During that month-long visit we yearned for the weekends, when our father wouldn’t leave us before daylight and return after dark with just a hug and a quick prayer before bed. But on the second Saturday of our visit he had a project in his bones and so he rose early and began erecting a cedar playhouse on stilts. He sweated like water was a second skin as he dug pits with a post hoe and held a level to the side of the posts to make sure they could stand tall and firm. He poured cement around the base, carving the names of all five children inside, though I knew even at 11 that my name there was a concession. Every few hours I would drop everything and run back to him to see if he was ready for me, only to find him laboring with singular focus on this ghost frame of a house.
As the day passed, a thin layer of sawdust gathered around the base of the stilts and filled the air with the scent of freshly sharpened pencils, almost reverently balsamic in the dry Tennessee heat. By the time we were ready to return to our mother and our days of more easily navigable fellowship, my father had laid the structure for the floor of the playhouse but no more.

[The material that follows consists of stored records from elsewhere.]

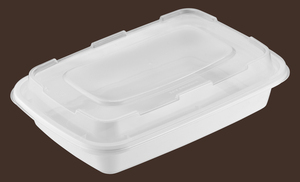 กล่องพลาสติกใส่อาหารทรงสี่เหลี่ยมผืนผ้า ยี่ห้อ Tiya ใช้แล้วทิ้ง ทนความร้อน ใช้กับไมโครเวฟได้ ผลิตจากพลาสติก <span class=keywords><strong>PP</strong></span> เกรดสำหรับอาหาร ป้องกันการรั่วซึม เหมาะสำหรับใส่สลัดและเนื้อสัตว์ กล่องสำหรับใส่อาหารกลับบ้าน - Product Image 4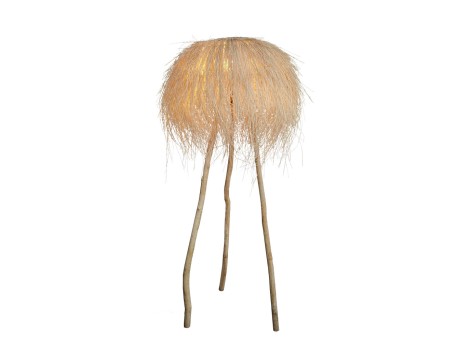 MANILA ΦΩΤΙΣΤΙΚΟ ΕΠΙΔΑΠΕΔΙΟ 70x70x135cm RATTAN ΦΥΣΙΚΟ ΞΥΛΟ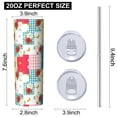 thumbnail image 3 of Pioneer Flower Floral Print Pattern 20oz Skinny Tumbler with Straw & Lid, Double Wall Vacuum Insulated Cup, Leak-Proof, Cup Holder Friendly, Hot 6H Cold 12H, 3 of 6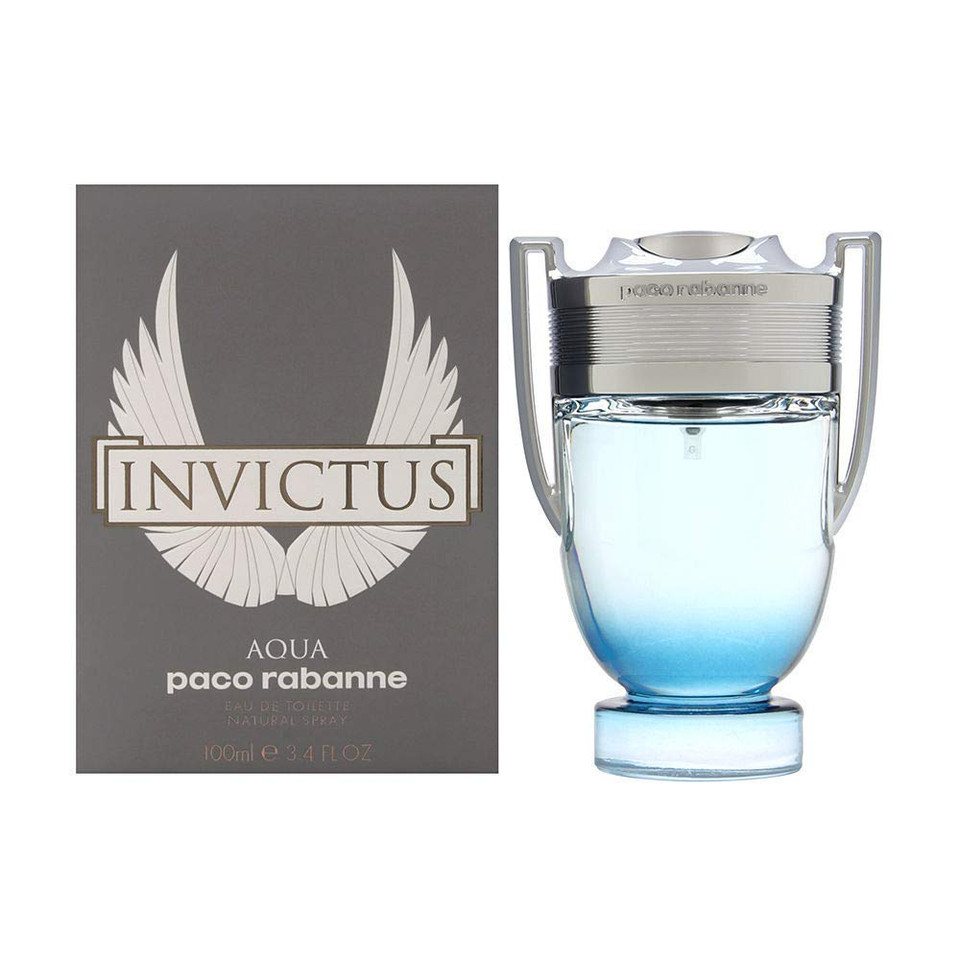 Paco Rabanne Invictus Aqua By Paco Rabanne For Men - 3.4 Oz Edt Spray 3.4 Oz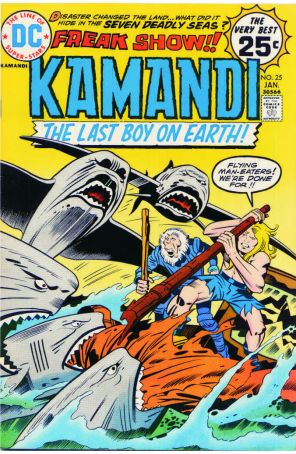 Kamandi, the Last Boy on Earth 25 published by DC with cover art by Jack Kirby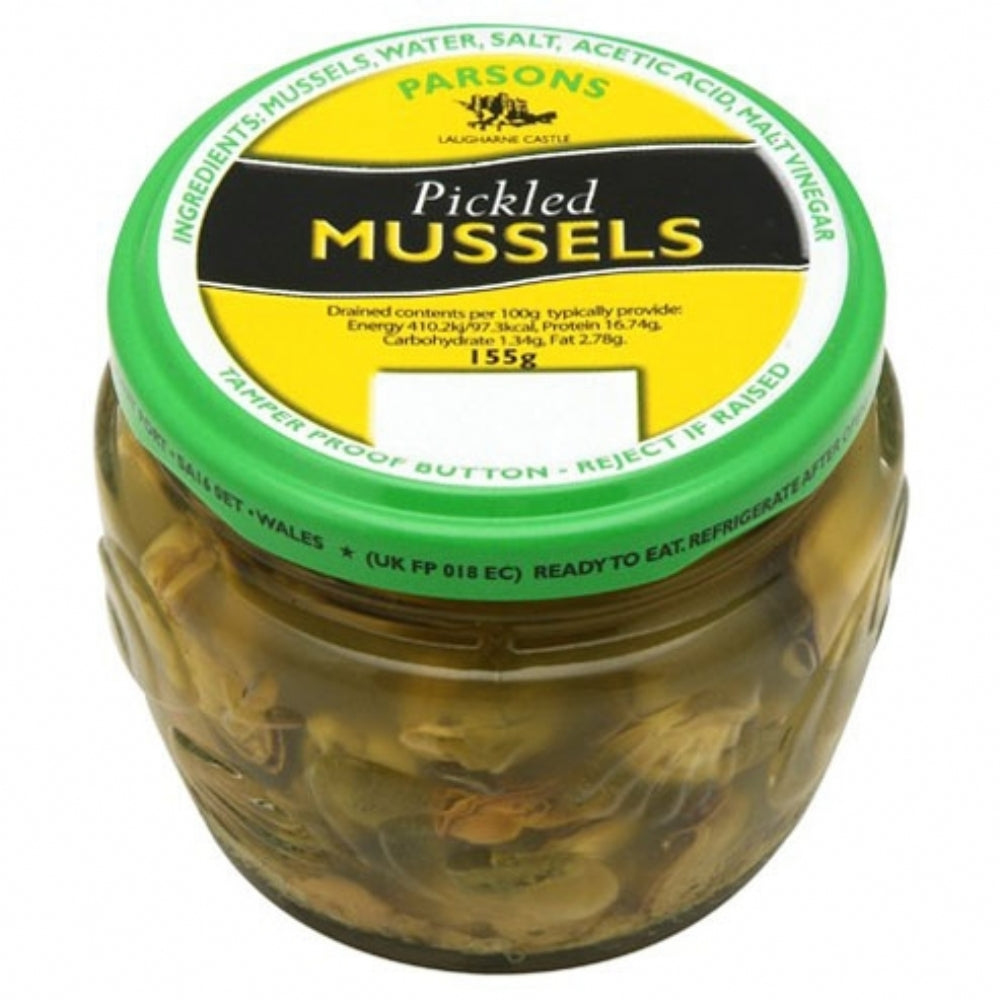 Parsons Pickled Mussels, 155g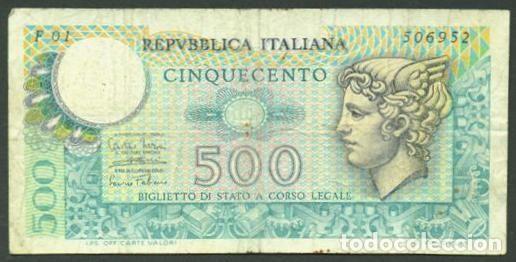 Billetes extranjeros: ITALIA. 500 lire 14.2.1974. Pick 94.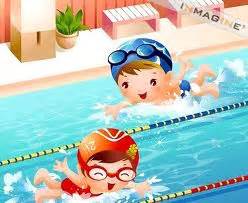 Swim Lessons Clipart: Dive into Fun with High-Quality Graphics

I took a last look at it before we threw our suitcases in the car. My sister could barely sit in her seat on the plane back, and when she returned with a backside bruised and blue my mother vowed we would never go back there again.
I leave the greenhouse to my husband for a few weeks as he populates it with the things that bring him peace: rich succulents, time-worn junipers and fragrant basil overflowing its pot. He has carved a symbol representing each of us and our two boys in the rafters. One night, when he hasn’t returned home on time, I must gather the basil myself, so I head to greenhouse. The door squeaks with the music of some timeless domesticity as I unhinge and pull it open. I cut some leaves, quickly, and run back inside. As the weeks pass I do it every day until I am rewriting history, until cedar is not the smell of a house that was never built, but just a note in this place where everything grows when tended, where my husband cares for his tiny trees, where he sees every leaf through from sprouted tuft to withered crinkling dust.